Task statement
While you copy the lines below, skip the pictures and keep the rest exact.
(Beginning of Study material)
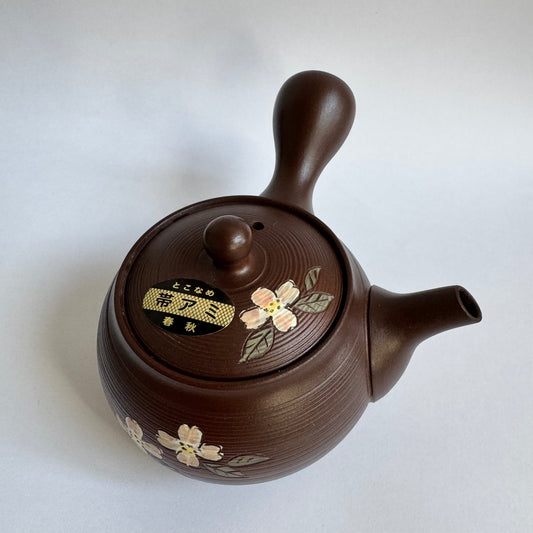 Arbatinukas su sakurų ornamentais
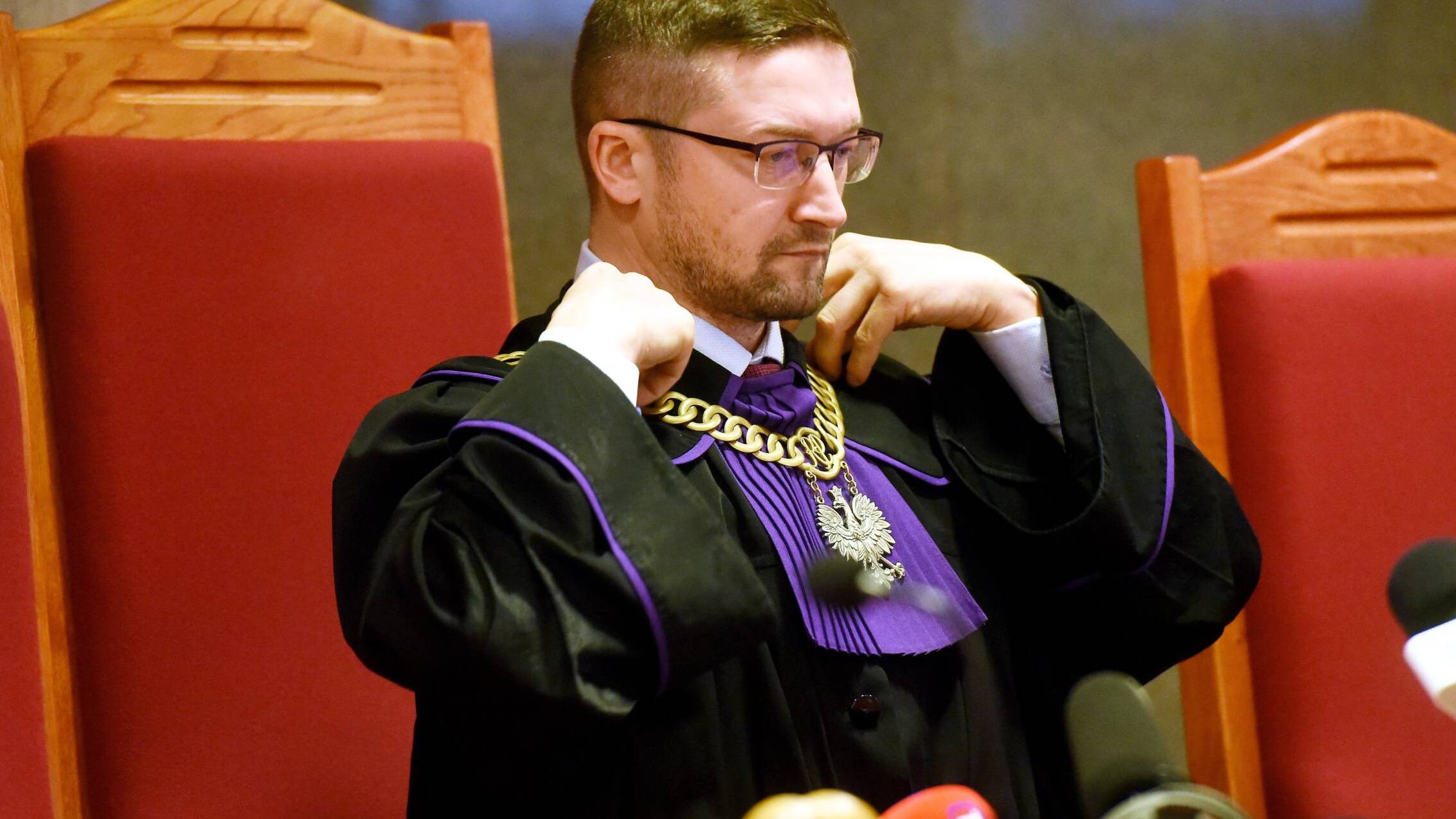 Paweł Juszczyszyn na sali sądowej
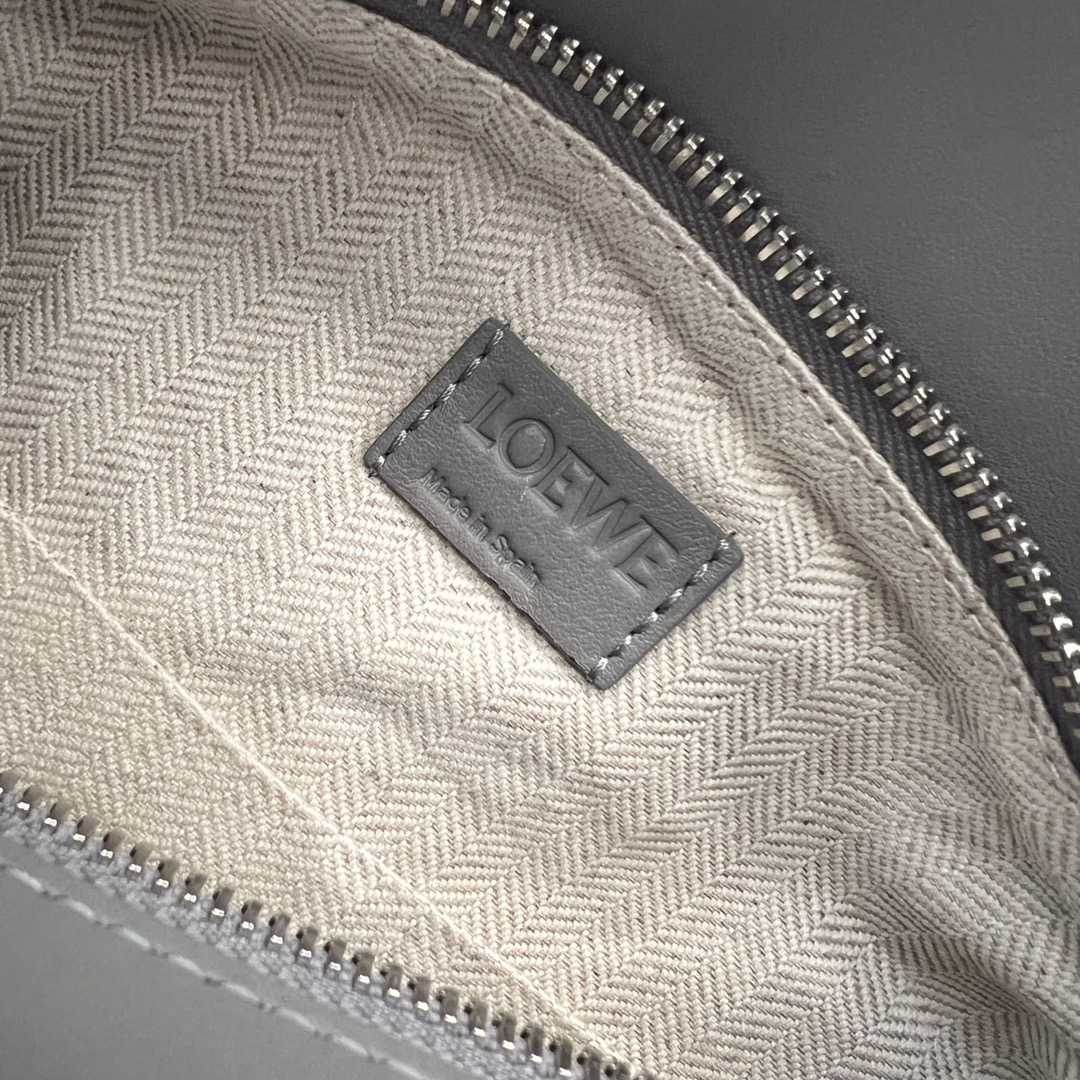 Loewe Small Puzzle Bag In Classic Calfskin - PerfectKickZ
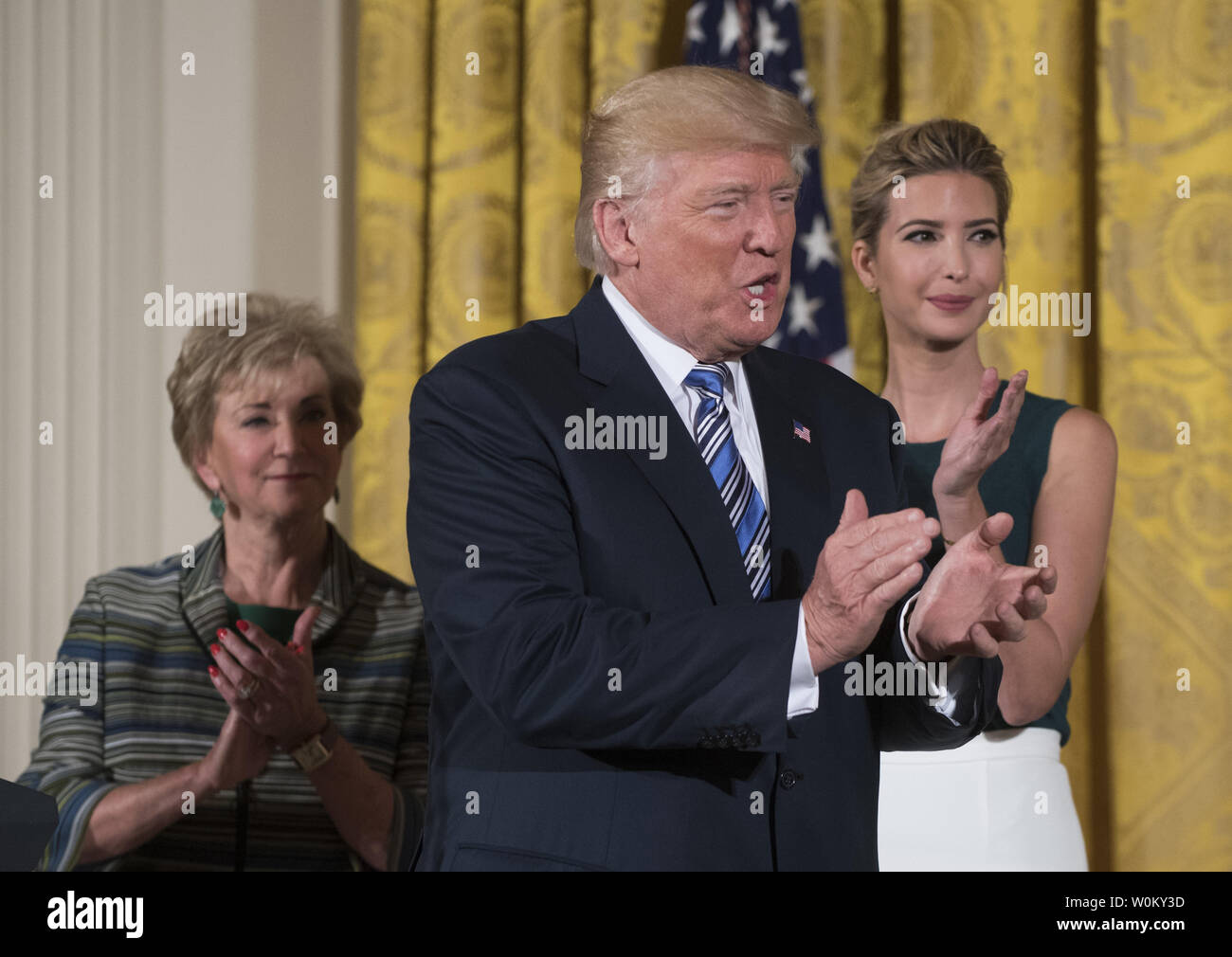 Stati Uniti Presidente Donald Trump e sua figlia Ivanka applaudire durante un piccolo evento aziendale nella Sala Est della Casa Bianca di Washington il 1 agosto 2017. Il presidente, Ivanka Trump e Small Business Administrator Linda McMahon ha ospitato un forum con i proprietari di piccole imprese per aiutarle nell'economia attuale. Foto di Pat Benic/UPI Foto Stock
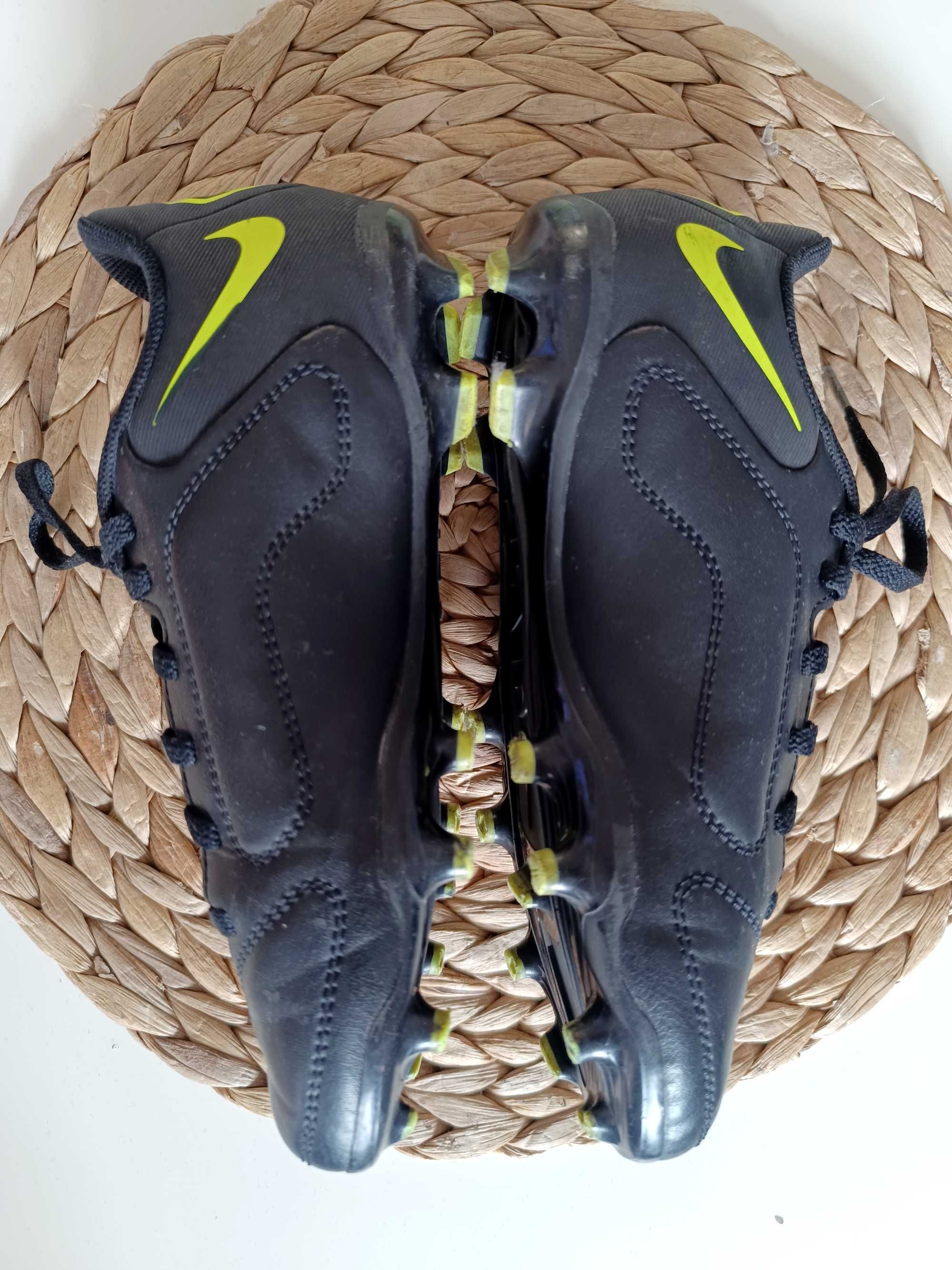 Футболни обувки, бутонки Nike Tiempo Legend 9, естествена кожа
(End of Study material)
Written answer
 Arbatinukas su sakurų ornamentais
 Paweł Juszczyszyn na sali sądowej
 Loewe Small Puzzle Bag In Classic Calfskin - PerfectKickZ
 Stati Uniti Presidente Donald Trump e sua figlia Ivanka applaudire durante un piccolo evento aziendale nella Sala Est della Casa Bianca di Washington il 1 agosto 2017. Il presidente, Ivanka Trump e Small Business Administrator Linda McMahon ha ospitato un forum con i proprietari di piccole imprese per aiutarle nell'economia attuale. Foto di Pat Benic/UPI Foto Stock
 Футболни обувки, бутонки Nike Tiempo Legend 9, естествена кожа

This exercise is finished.